=== Section Start ===

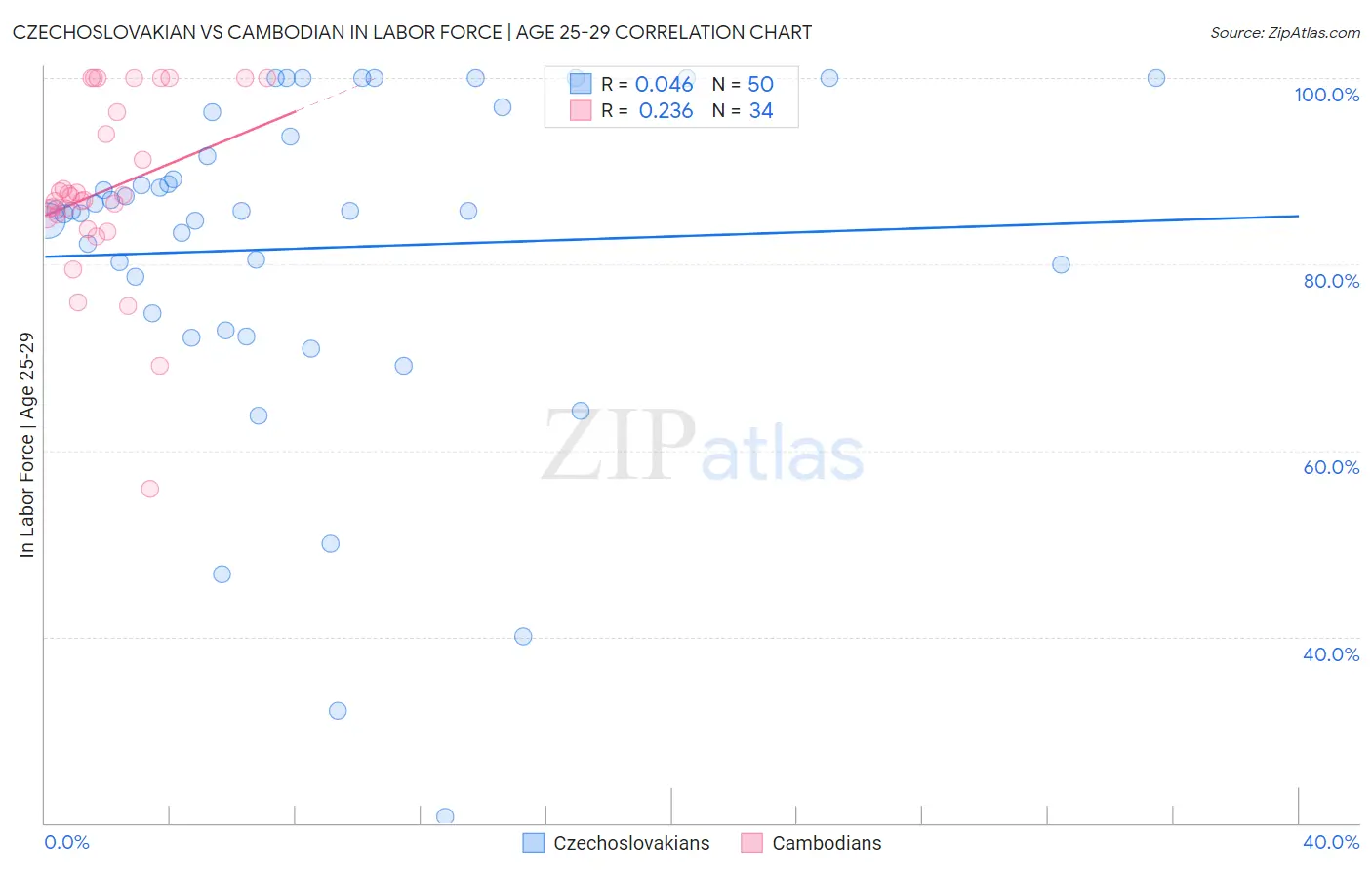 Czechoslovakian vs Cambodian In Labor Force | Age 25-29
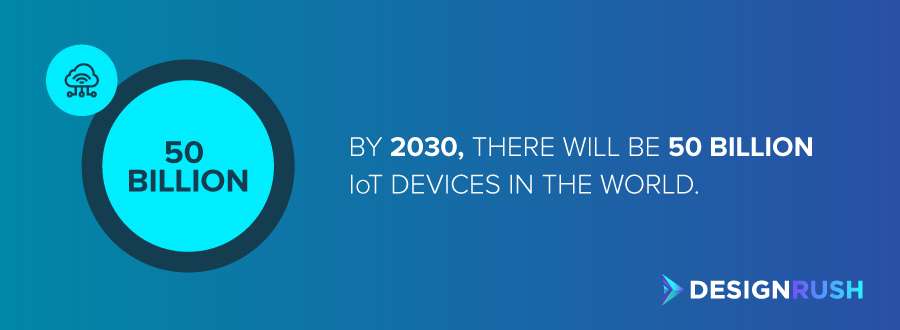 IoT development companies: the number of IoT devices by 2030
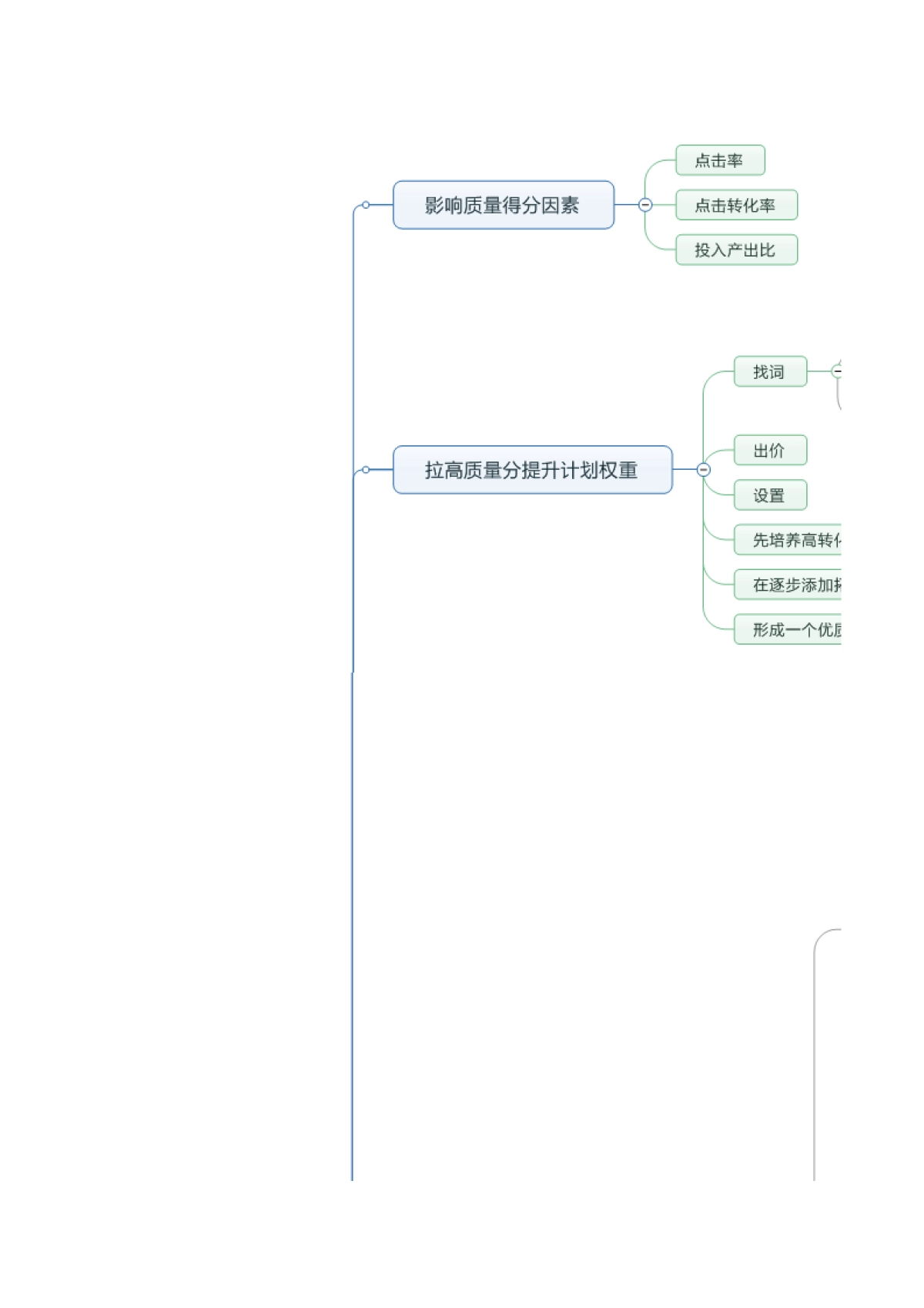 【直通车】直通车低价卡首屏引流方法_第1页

=== Section End ===

#### [YOUR ASSIGNMENT]
Pictures stay out; all other material above is restated word for word.

#### [ANSWER TO THIS TASK]
 Czechoslovakian vs Cambodian In Labor Force | Age 25-29
 IoT development companies: the number of IoT devices by 2030
 【直通车】直通车低价卡首屏引流方法_第1页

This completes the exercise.